Ezering Along

I have recently started a new job in the sunny land of ENG, a.k.a, England.

Who’d have thought?

I’m not gonna lie, leaving France felt (cue exaggeration) like losing a limb. I can’t remember a time when I have cried so much over something. It was experiencing lack of direction, indecision, confusion and loss all at the same time.

Well, apparently, the old me already had a feeling that I would end up in England, because if you recall my previous posts, you’ll see I’ve written (joked ^^) about returning to the UK and working in my mum’s local Tesco.

Funnily enough, I’m not working in my mum’s local Tesco – yet again I’m working in a school. This time though, I’m no longer the teacher, but the teaching assistant.

Thank goodness.

I’m enjoying my more-or-less free evenings; last year’s constant lesson preparation and activity research but a distant memory…

How delightful it is to wake every morning. To wake early, with purpose. To have somewhere to be, people to interact with, and a LOT to learn. (Being unemployed was just a bit of a drag…)

This is what I love about the education environment: It feels a challenge. It IS a challenge, rather. Yet this challenge means that every day is a privilege, as every day, little old me gets to learn. I get to learn pearls of wisdom from other newbies or experienced professionals, from the children, or more often than not, from my own mistakes. And mistakes, my friends,  are proof that you are trying.

I’ve read the book Captivating recently. In the book, Stasi Eldridge explains how as women we are created to be helpers. When God made Adam, it wasn’t enough; Adam needed Eve! Eve is Adam’s helper, she is his “ezer”. Not only is “ezer” used in the context of Adam and Eve, ezer is used in the Bible many times, meaning to help (helper), or to support.  And as a Teaching Assistant, I am convinced that God is teaching me about having more of His servant-heart. A heart created for helping others, a heart which is ready to help others, and rejoicing in the work.

Don’t get me wrong – rejoicing in the work is easier said than done a lot of the time. The first few weeks of my new job were (and still have recently been) quite up and down, and I still do, and will of course, experience down days.

What has been an encouragement to me though, are verses which I have recently (re)discovered thanks to one of Alyssa Joy Bethke’s blog post, Psalm 84:11-12:

For the LORD God is a sun and shield: the LORD will give grace and glory: no good thing will he withhold from them that walk uprightly.

O Lord of hosts, blessed is the man that trusteth in thee.

I don’t know about you, but sometimes, I feel as though I almost grasp something new, and then, unexpectedly, this exciting spark of something new, slips through my fingers.
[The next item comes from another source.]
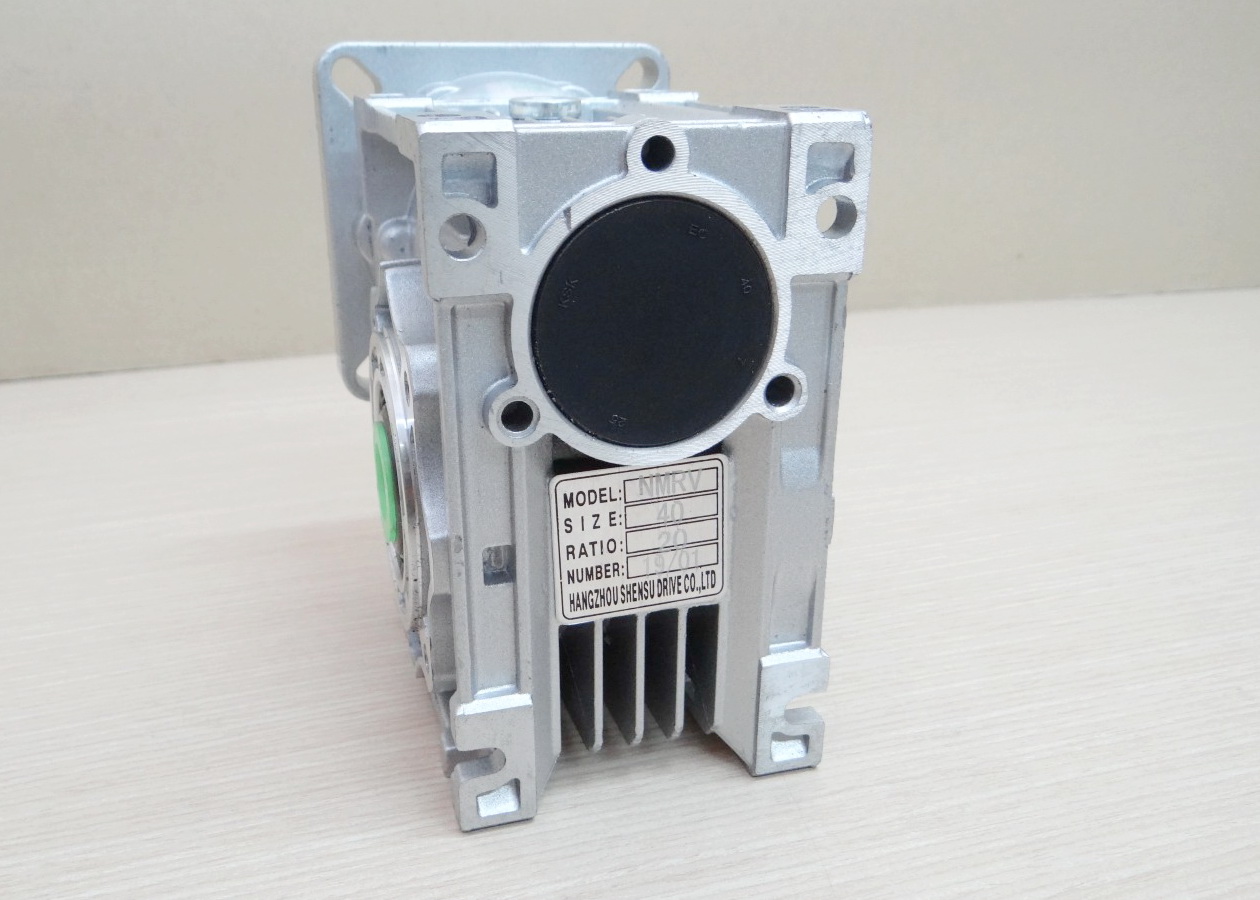 20:1 NMRV40 Worm Gearbox Speed Reducer for NEMA34 (shaft: input 14mm / Out 18mm)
Whether it be a new experience, a different job opportunity, a new friendship, a new love-interest(ha!), a new hobby, or anything else, there are times when I feel like I’m missing out on what I’ve never had. Or almost had.

Then, there are the times when I dwell too much on missing what I once had.

So rather than seeing me feel all sorry for myself, I’m pretty glad that God chose to speak to me through Psalm 84, reminding me that He will “withhold no good thing” from those who continually seek Him. Psalm 84:11 confirms to me that right here, right now is where God wants me to be, and that right here, right now, is nothing less than His best for me. How cool is that!? And although sometimes I’m full of doubt, waking every morning with this encouraging truth does nothing less than lift my spirits, helping me to rejoice in the new day and in this current season of life.

So right now, let’s trust in His ways, and not miss out on our Father’s best for us. Remember His words (Isaiah 55:8):

 For my thoughts are not your thoughts, neither are your ways my ways

and be blessed!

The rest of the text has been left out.